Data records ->

*** Block opens ***

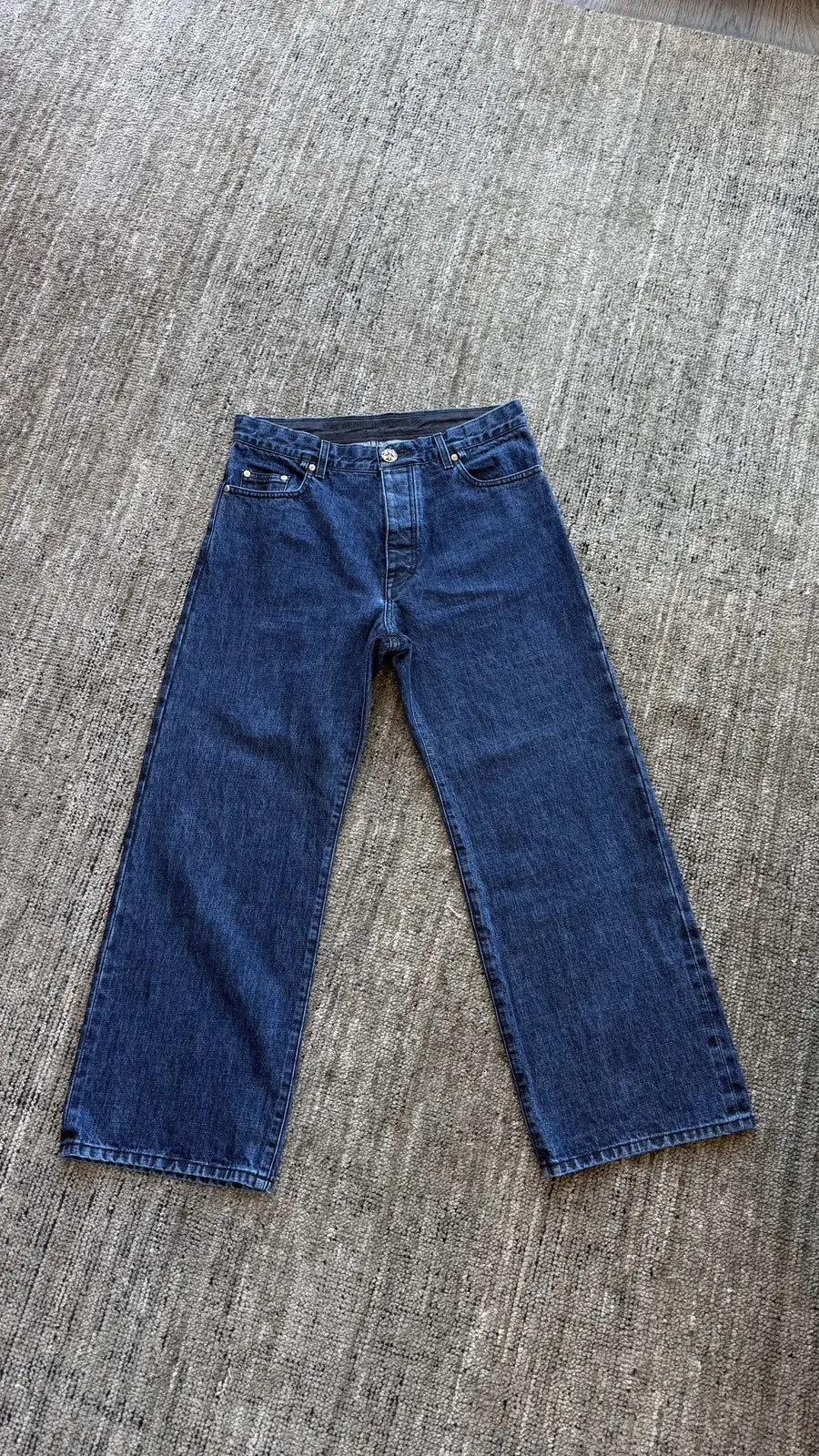 Chrome Hearts Dark Wash Denim Jeans Sterling Cross Button Chrome Hearts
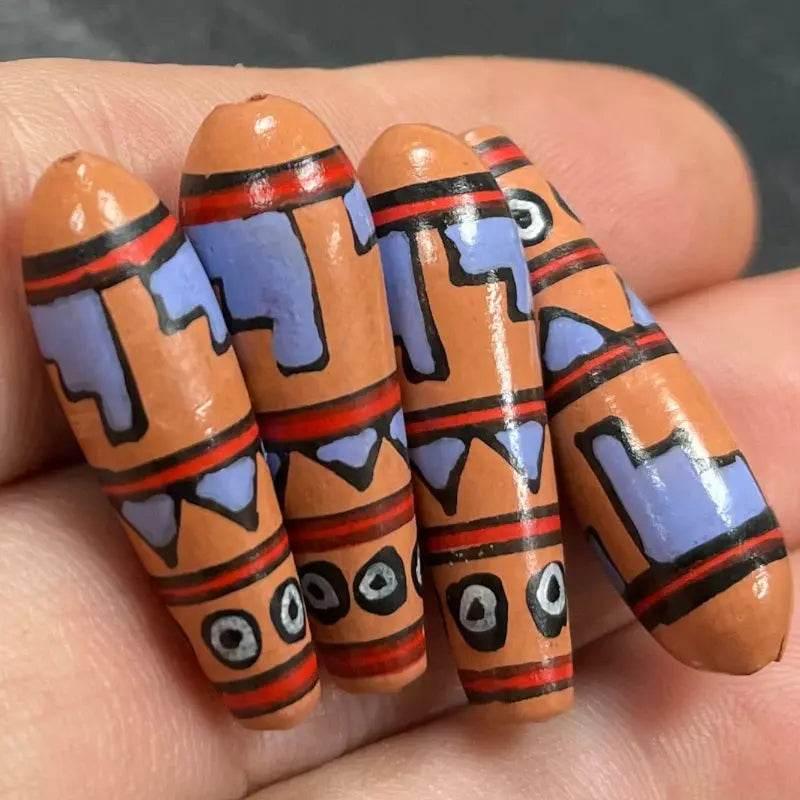 6 Vintage Brown Purple Peruvian Teardrop Beads - Sea Beads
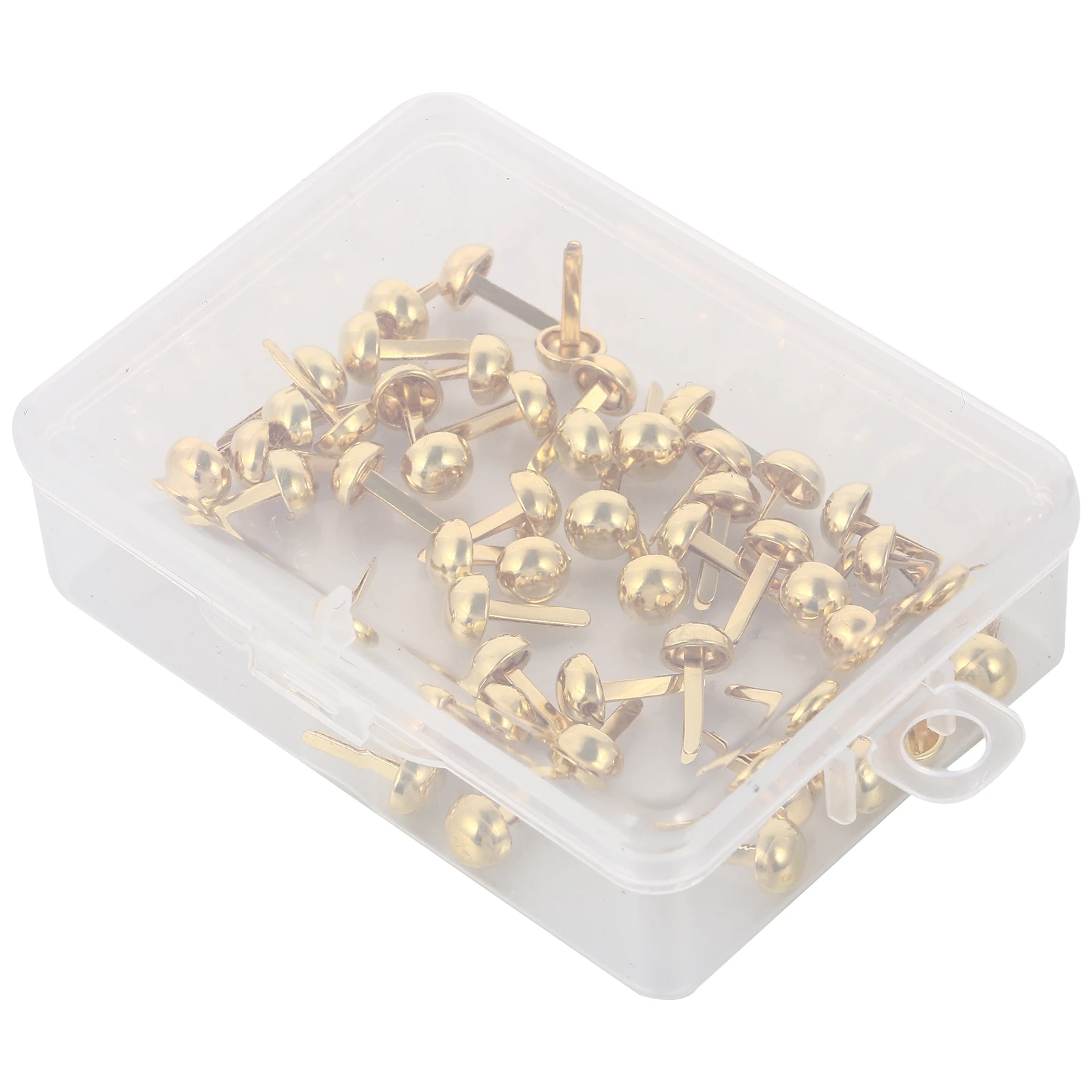 

50pcs Metal Head Tack Nails 8MM Two-Legged Nails Gold Two-legged Brads for Kids Crafts DIY Scrapbook Decor Accessories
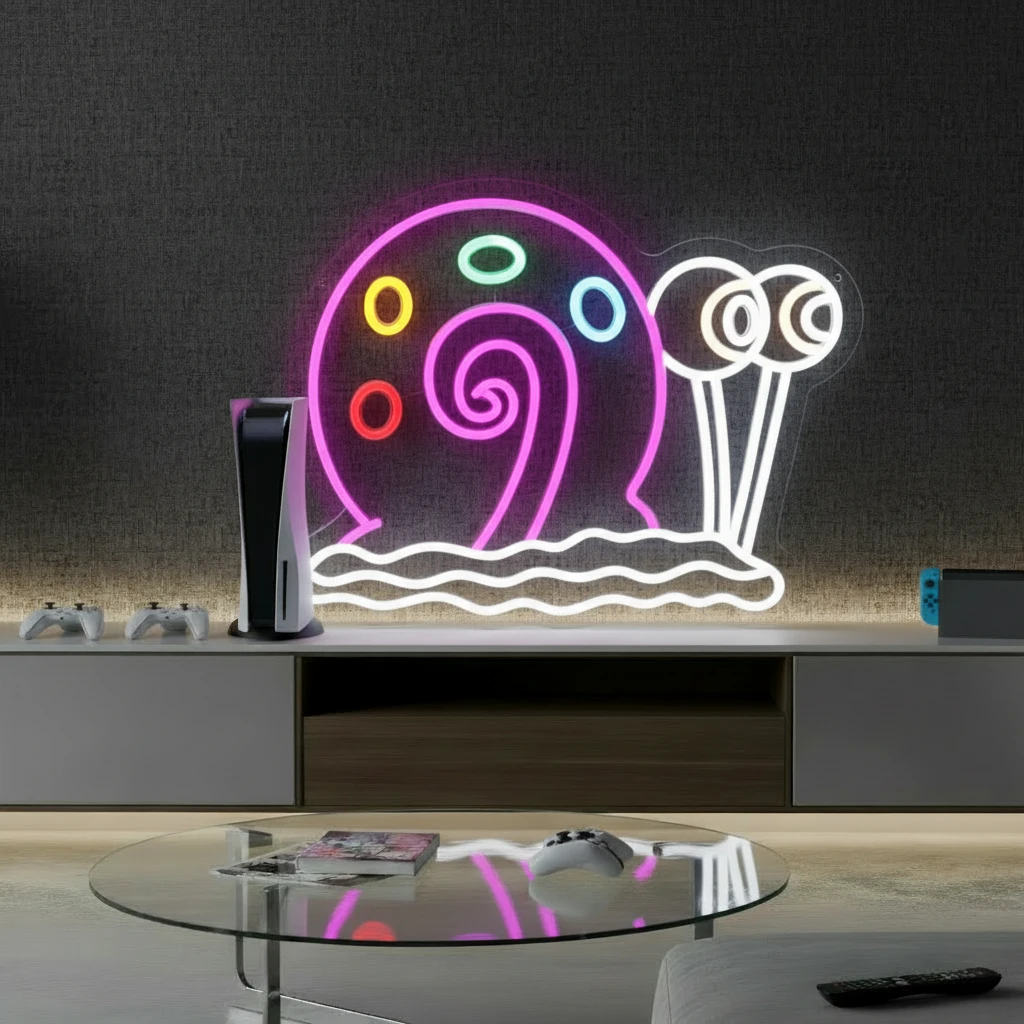 Snail Neon Sign Anime Cartoon Neon Sign Gaming Room Decor by Neonchics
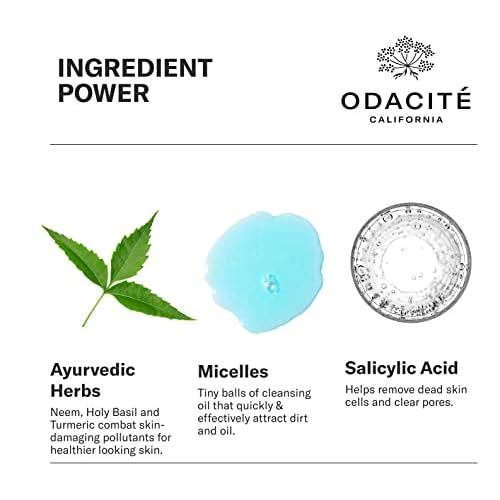 Odacit? Facial Cleanser with Foam - Blue Aura Cleansing Water Facial Wash with Neem, Holy Basil & Turmeric - No-Rinse Micellar Water Removes Pollution, Impurities & Makeup, 4.0 fl. Oz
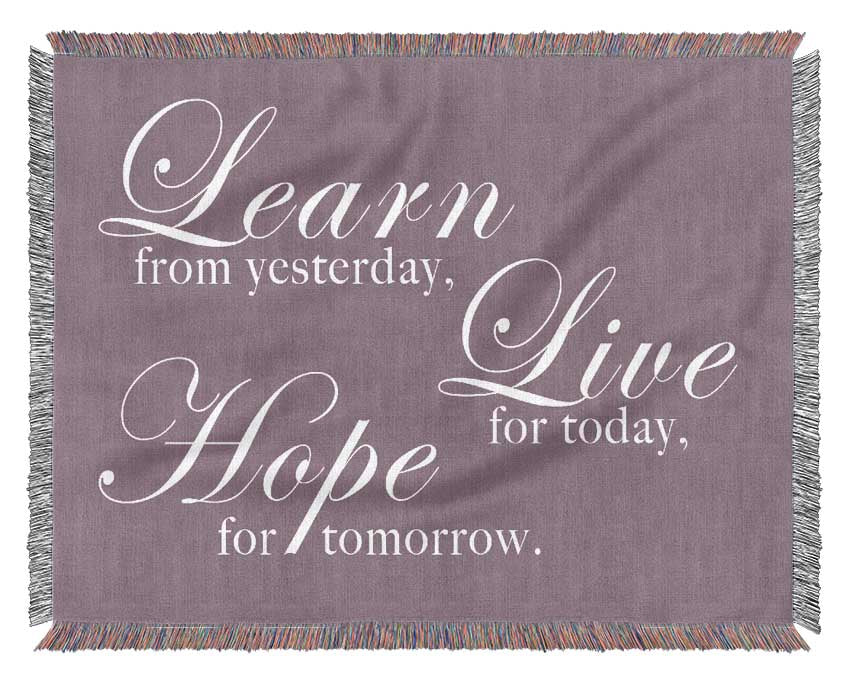Learn Live Hope Dusty Pink Woven Blanket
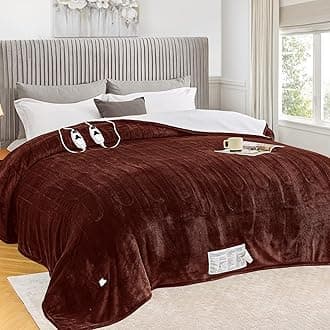 greenoak Heated Blanket Electric King Size 100"X90" Dual Control, Heating Blankets with 10 Levels 8 Hours Auto-Off, Soft Flannel Sherpa Fluffy House Warming Gifts for Grandma Seniors Mom, Mocha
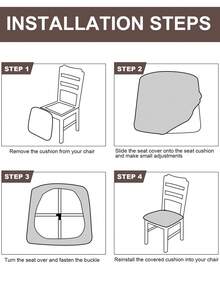 1PC Waterproof Chair Seat Slipcovers Dining Room Chair Covers Flower Pattern Stretch Seat Cover For Dinning Room Chair Protector Slipcovers For Kitchen, Hotel Banquet House Home Decor-Dark Gray - Dark Grey - View 6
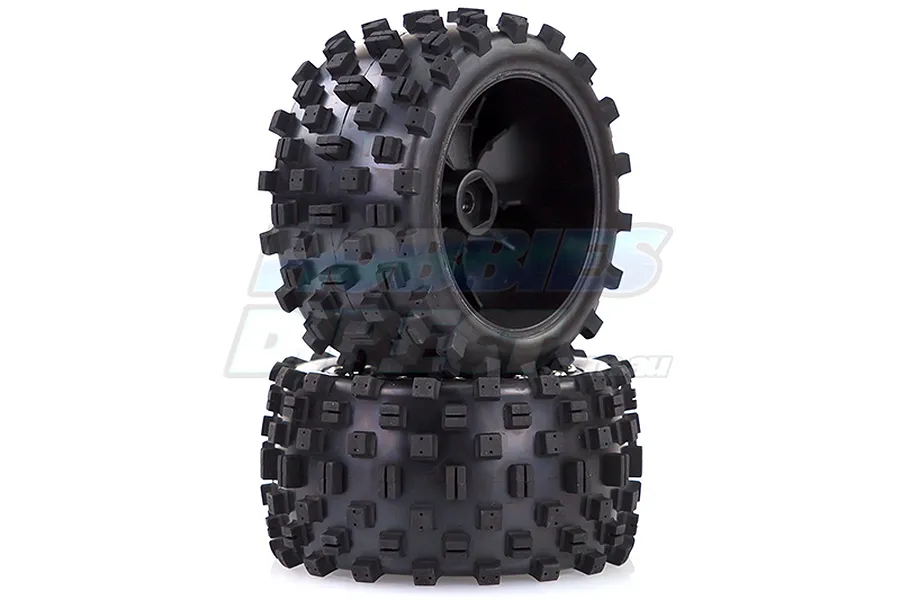 Louise 2.8&amp;quot; ST-Rock Tyres on Black Spoke Rims - Glued Truck Wheels w/ Foam 2Pcs image 3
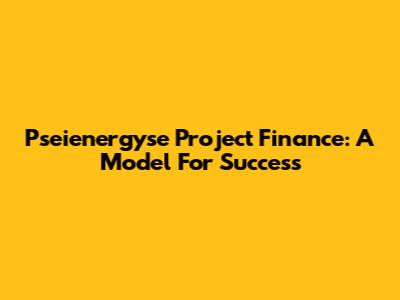 Pseienergyse Project Finance: A Model For Success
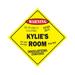 Kylie s Room Sign Crossing Zone Xing | Indoor/Outdoor | 17 Tall kids bedroom decor door children s name boy girl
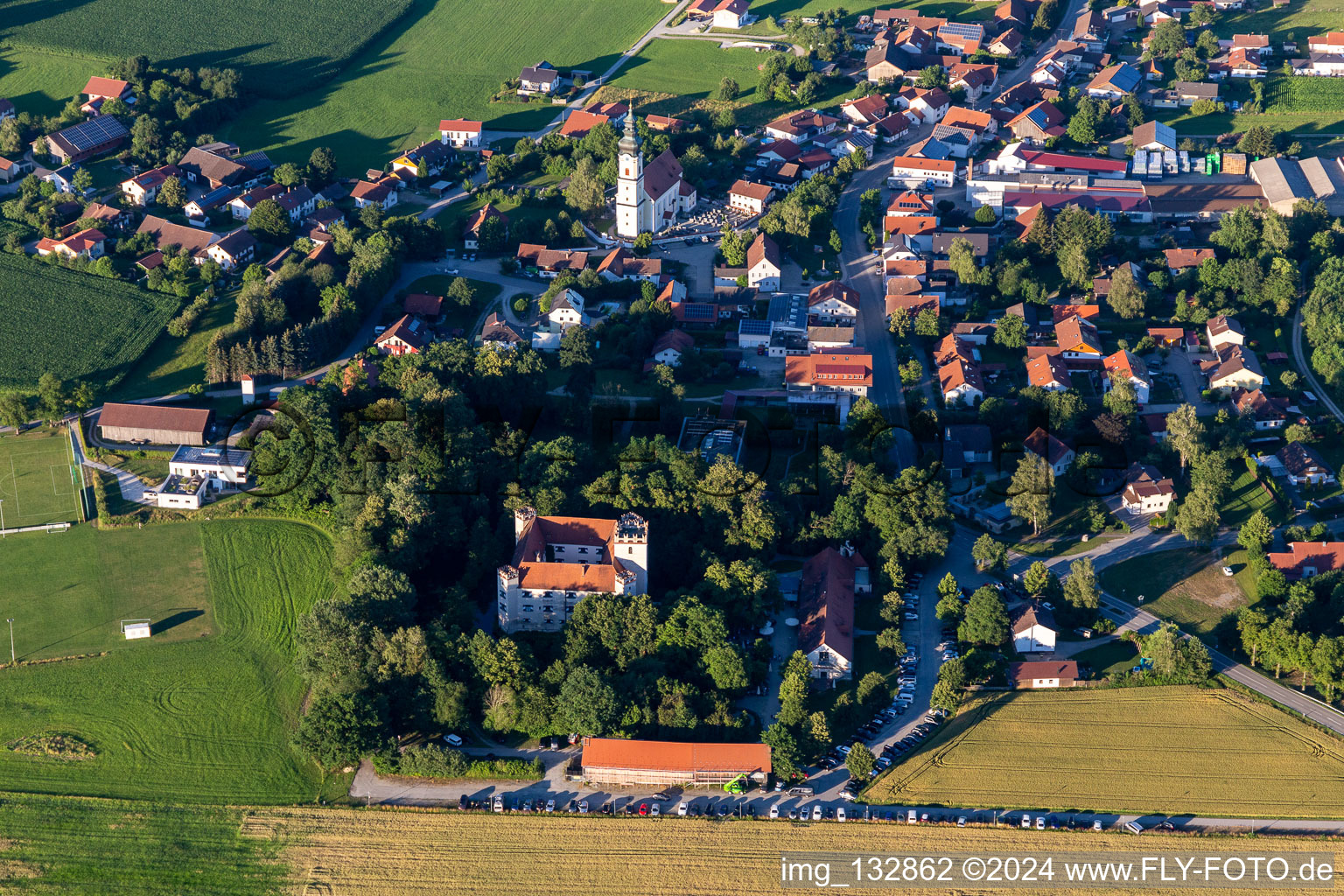 Aerial view of District Mariakirchen in Arnstorf in the state Bavaria, Germany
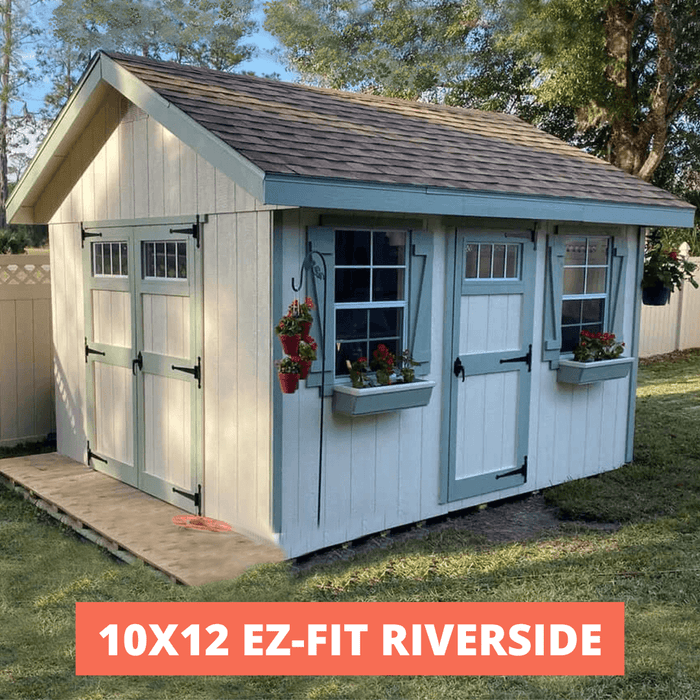 10x12 EZ Fit Riverside shed kit in beige with flower boxes.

*** Block closes ***

Work to be completed -> What should appear is an exact copy of the lines from the one containing "Pseienergyse Project Finance: A" through the last line of the records above, pictures excluded.

Response ->
 Pseienergyse Project Finance: A Model For Success
 Kylie s Room Sign Crossing Zone Xing | Indoor/Outdoor | 17 Tall kids bedroom decor door children s name boy girl
 Aerial view of District Mariakirchen in Arnstorf in the state Bavaria, Germany
 10x12 EZ Fit Riverside shed kit in beige with flower boxes.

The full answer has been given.